**REQUIREMENT:**
Could you transcribe every record below exactly as written, leaving out any pictures?

--------

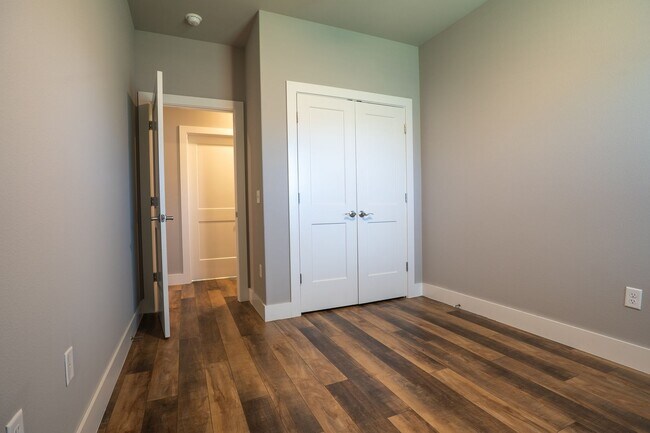 Building Photo - Spacious 3 bed 2 bath in Pea Ridge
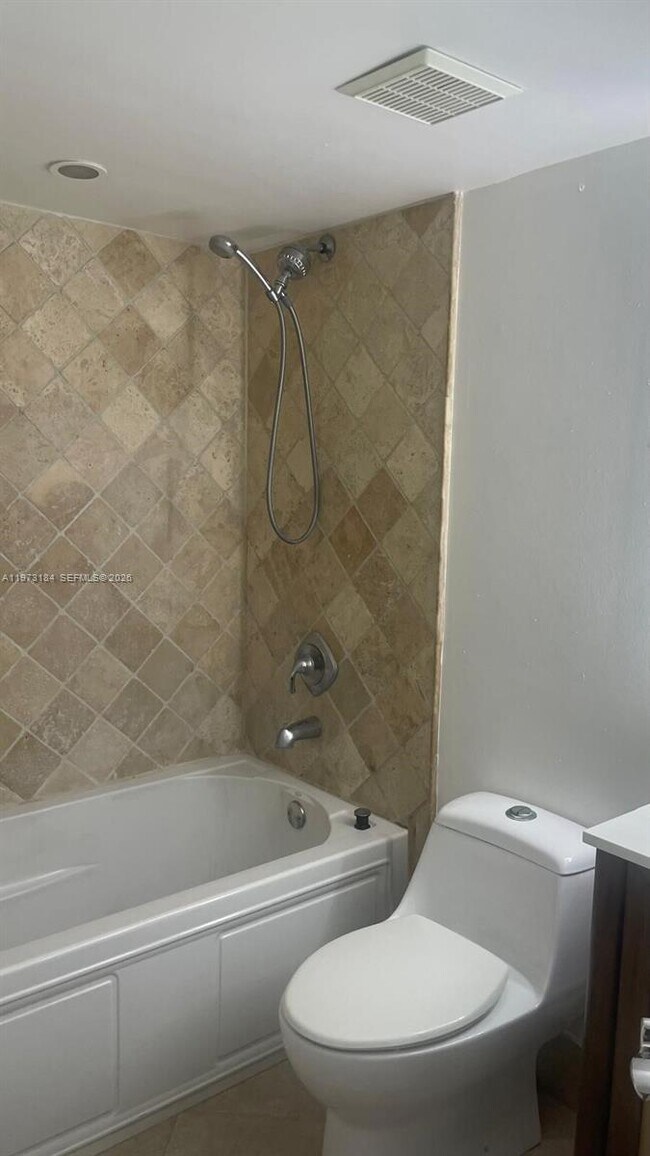 Foto del edificio - 4640 NW 102nd Ave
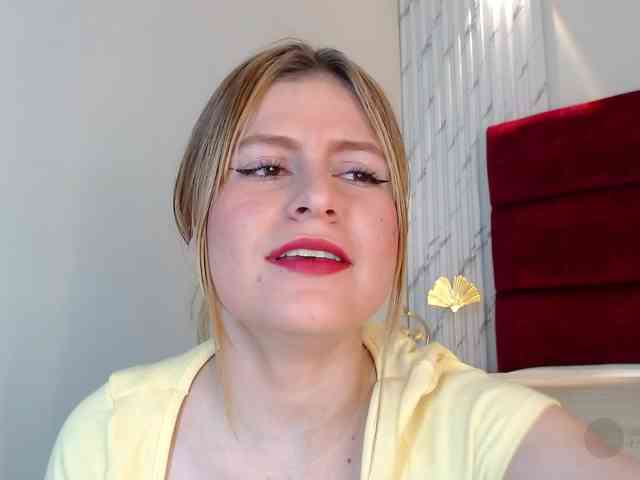 Emma-Blonde webcam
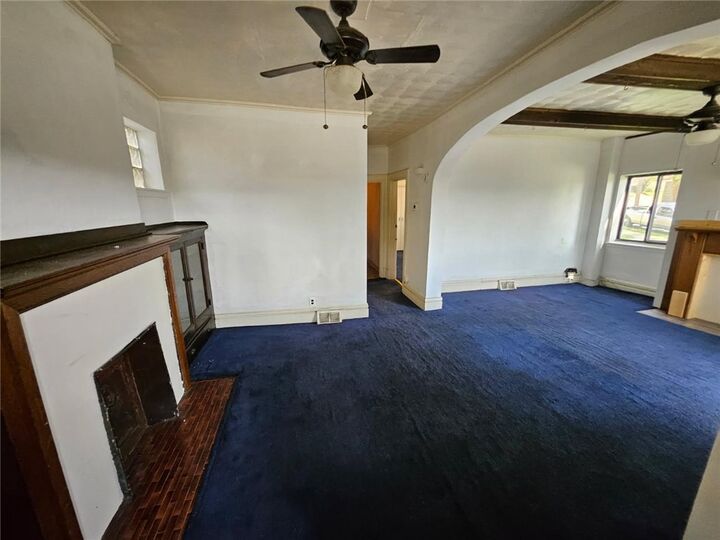 Property Photo: 1907 Delaware Ave 1 PA 15218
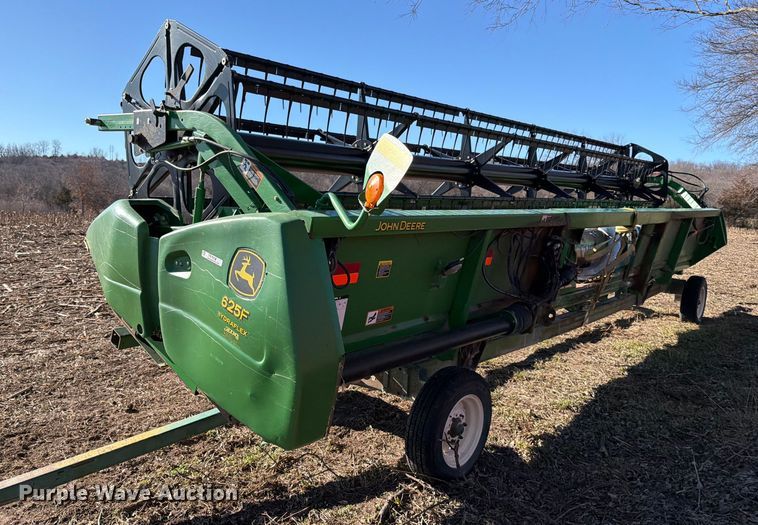 image for item YA1980 2003 John Deere 625F flex draper head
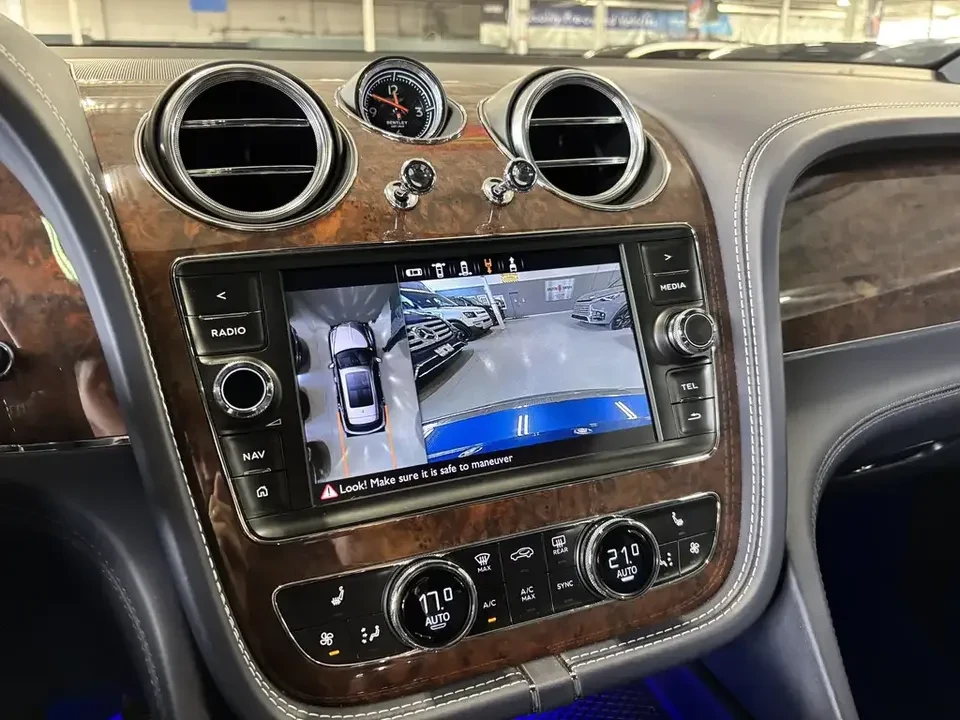 2019 Bentley Bentayga - Image 20 of 20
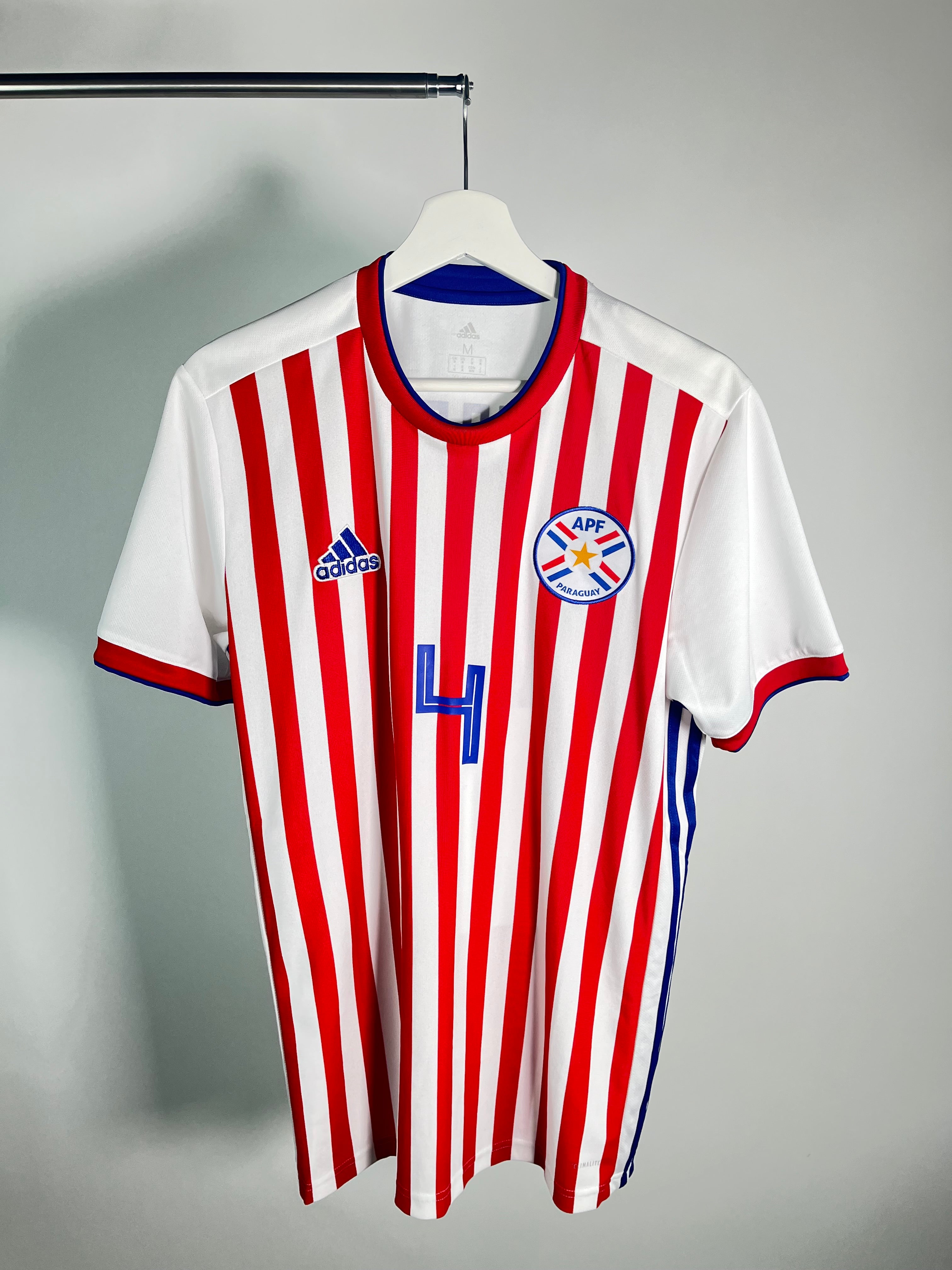 Jersey Paraguay Local 2018 2020 Darío Verón (M)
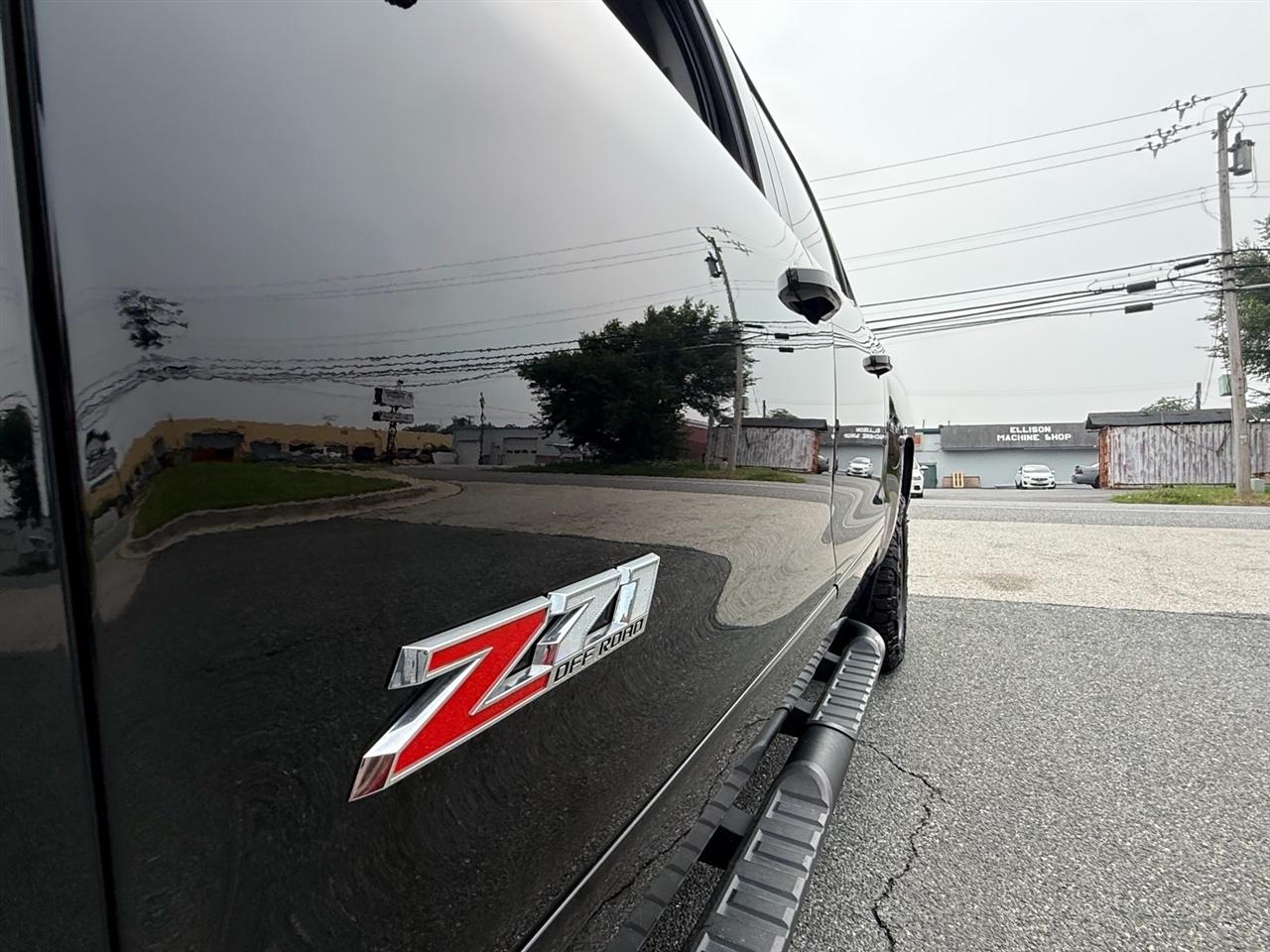 Chevrolet Silverado 1500 4WD Crew Cab 143.5" LTZ w/2LZ 2018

--------

**EXPECTED ANSWER:**
 Building Photo - Spacious 3 bed 2 bath in Pea Ridge
 Foto del edificio - 4640 NW 102nd Ave
 Emma-Blonde webcam
 Property Photo: 1907 Delaware Ave 1 PA 15218
 image for item YA1980 2003 John Deere 625F flex draper head
 2019 Bentley Bentayga - Image 20 of 20
 Jersey Paraguay Local 2018 2020 Darío Verón (M)
 Chevrolet Silverado 1500 4WD Crew Cab 143.5" LTZ w/2LZ 2018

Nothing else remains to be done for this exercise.